Nous ne l’acceptons pas. Nous ne l’acceptons pas plus que nous n’avions accepté les délires suscités par la juste horreur de la pédophilie, lorsque cette volonté si nécessaire de rompre le silence qui l’entourait, à l’école, dans les familles, dans les bordels d’enfants du tiers-monde, avait conduit à une hallucinante chasse aux suspects dont trop d’enseignants étaient devenus victimes, sacrifiés, suicidés par cette incapacité à raison garder. Ainsi avons-nous refusé de clouer au pilori quelques hommes politiques faussement accusés des pires ignominies, tel Dominique Baudis. Devons-nous préciser que nous ne le regrettons pas, et que nous sommes même fiers de n’avoir rien cédé aux vents dominants de la calomnie.
Nous n’avions pas, alors, hésité à heurter de front un air du temps, un automatisme de meute, à briser net avec un discours dominant qui confondait la dénonciation d’un mal avec une psychose collective. Nous ne remercierons jamais assez Jean-François Kahn d’avoir su nous enseigner cette radicalité du courage, fût-ce au prix d’un isolement cruel mais passager. Grâce à lui, Marianne n’a jamais craint de dissoner, et ce n’est pas maintenant que nous céderons à cette peur.
Il nous faudrait adopter aujourd’hui une attitude différente envers Frédéric Mitterrand ? Pourquoi ? Par parti pris ? Parce que nous dénonçons et combattons la politique du gouvernement qu’il a choisi de rejoindre ? Parce qu’il appartient à cette bulle mondaine dont nous dénonçons les méfaits ? Parce qu’il compterait parmi les protégés de Mme Bruni ? Parce qu’il aurait trahi la gauche et sa famille, celle des Mitterrand, en rejoignant les rangs, si serrés et puissants, de la Sarkozye ? Parce qu’il participe, avec sa verve et sa faconde, d’une société du spectacle qui truque et masque les véritables enjeux ? Parce que, dans le casting sarkozyste, il sert de caution dansante à une ouverture de pacotille ? Parce que la gauche veut se refaire une vertu à bon compte ?
En nous comportant ainsi, nous serions indignes de nous-mêmes. Nous trahirions les principes qui nous ont permis d’imposer ce journal, et notamment celui-ci : la vérité simple, nue, brutale, est plus décisive que d’éventuelles divergences politiques aussi importantes, aussi essentielles, aussi capitales qu’elles puissent être.

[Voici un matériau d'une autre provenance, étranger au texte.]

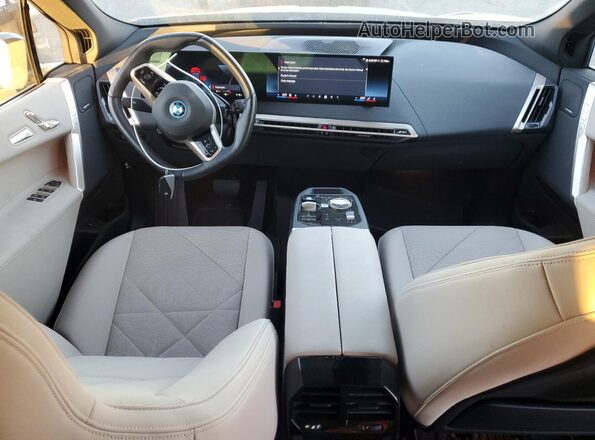 WB523CF06SCT06612 2025 BMW IX Black Առջևի վահանակի տեսք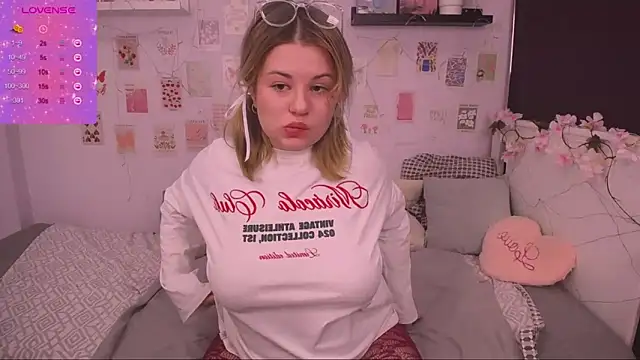 TessPleasure online show from 01.02.25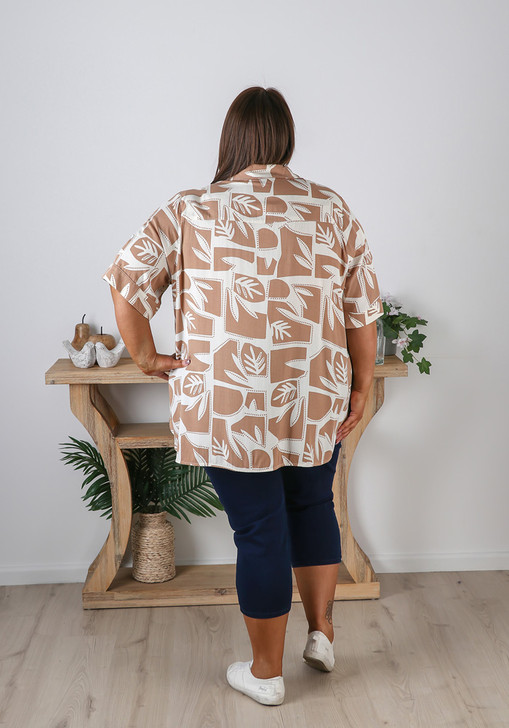 Plus Size Tab Sleeve Latte Shirt In Modern Islander Print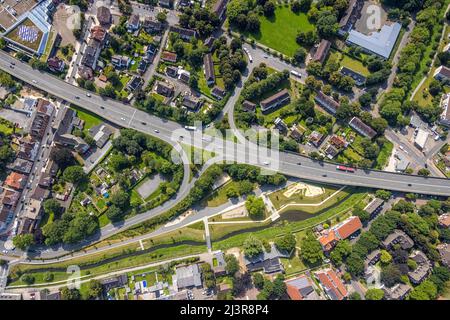 Luftaufnahme, Innenstadt mit Sesekepark zwischen Maibrücke und Hochstraße mit Seseke, Kamen, Ruhrgebiet, Nordrhein-Westfalen, Deutschland, Luftbi Stockfoto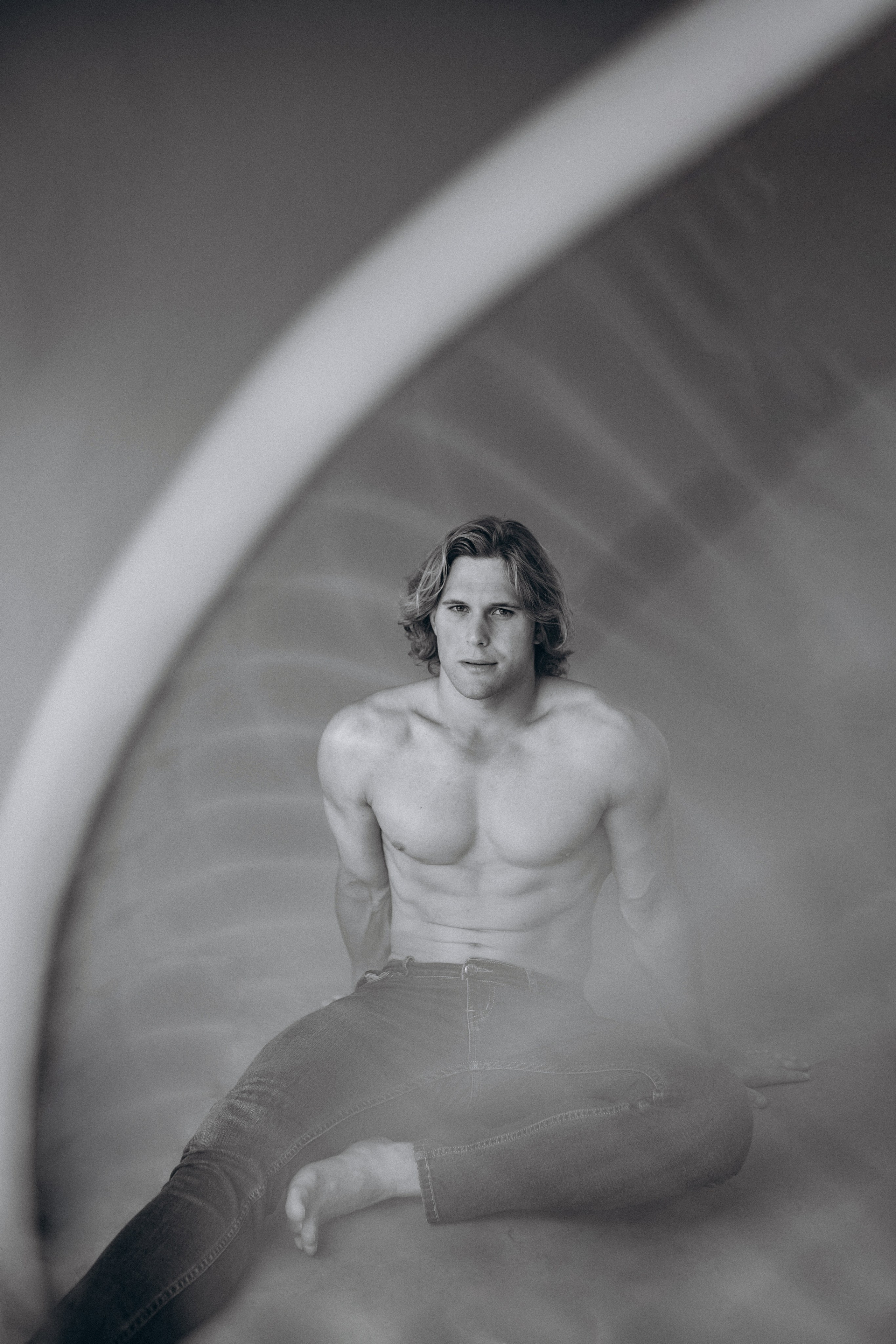 Мужской портрет в студии. Главная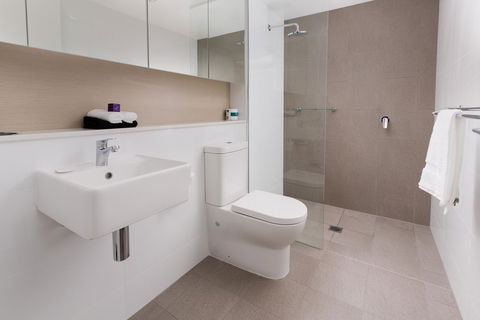 Hamilton Executive Apartments - Accommodation Cairns 26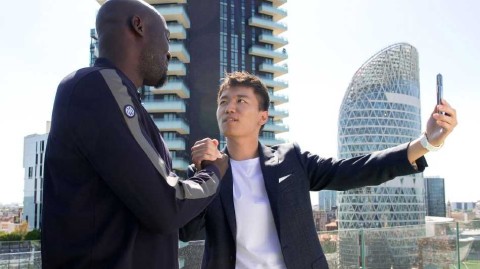 卢卡库荣耀回归国际米兰 与主席张康阳合影展露雄心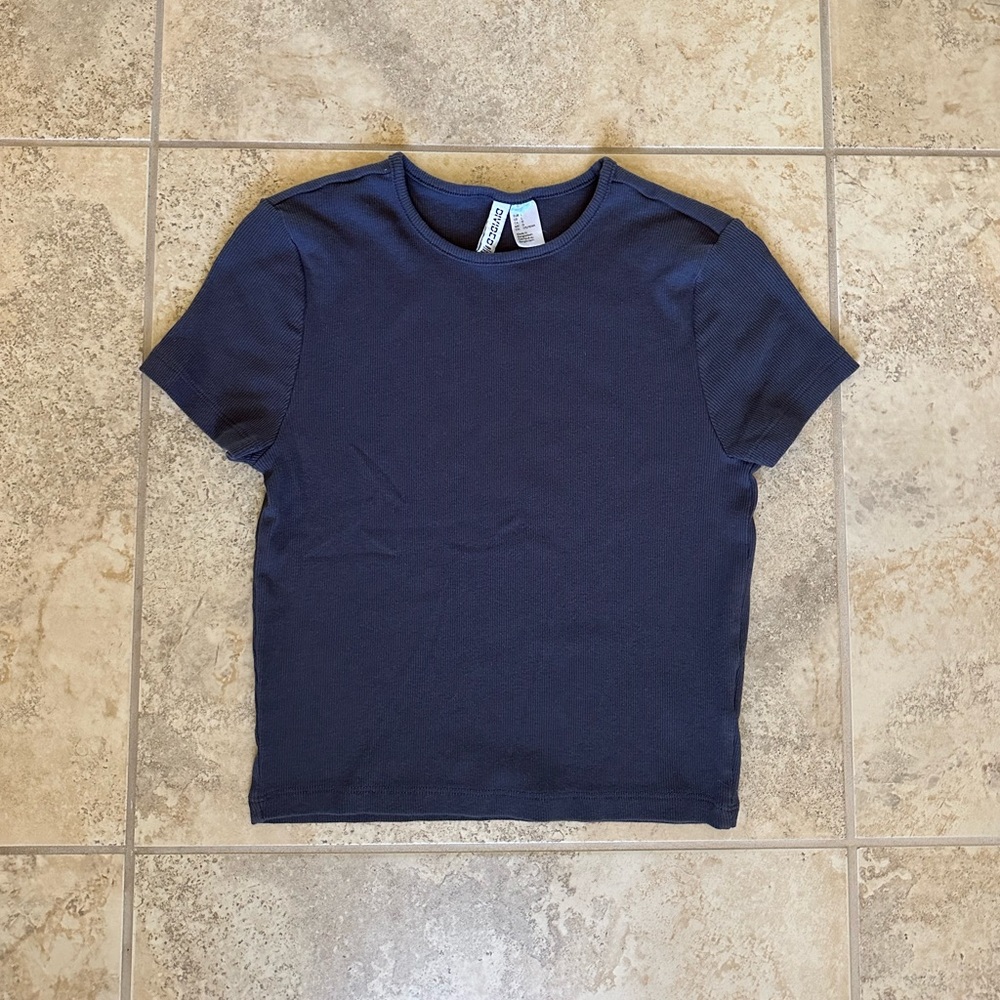 H&M - Ribbed Crop Top - Size L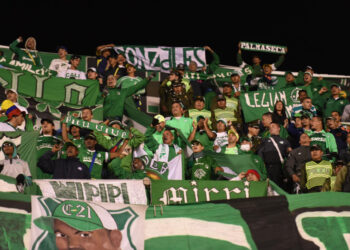 Hinchas del Deportivo Cali invaden campo e increpan a jugadores en partido del fútbol colombiano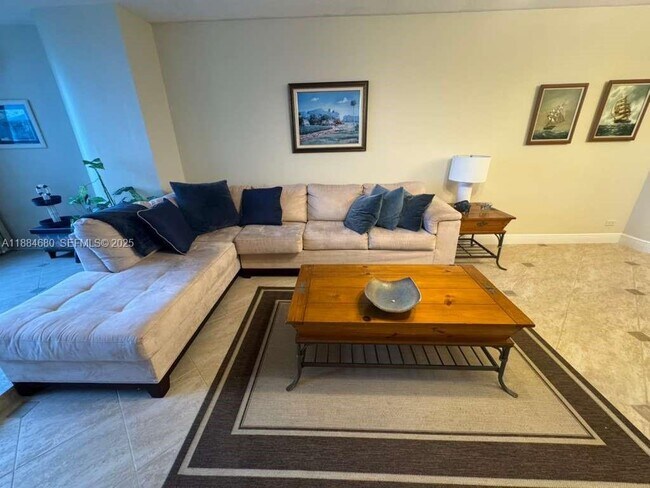 Building Photo - 5005 Collins Ave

Notre République, notre conception de la République, est en rupture avec la République façon Sarkozy à laquelle Frédéric Mitterrand s’est rallié ; nos valeurs sont, pour la plupart d’entre elles, étrangères à celles que le président entend incarner avec l’appui de son ministre de la Culture. Cela ne nous autorise pas, pour autant, à mentir sur le compte de Frédéric Mitterrand, à faire dire à son livre l’inverse de ce qu’on y lit.
A cette bassesse-là, Marianne ne s’associera pas.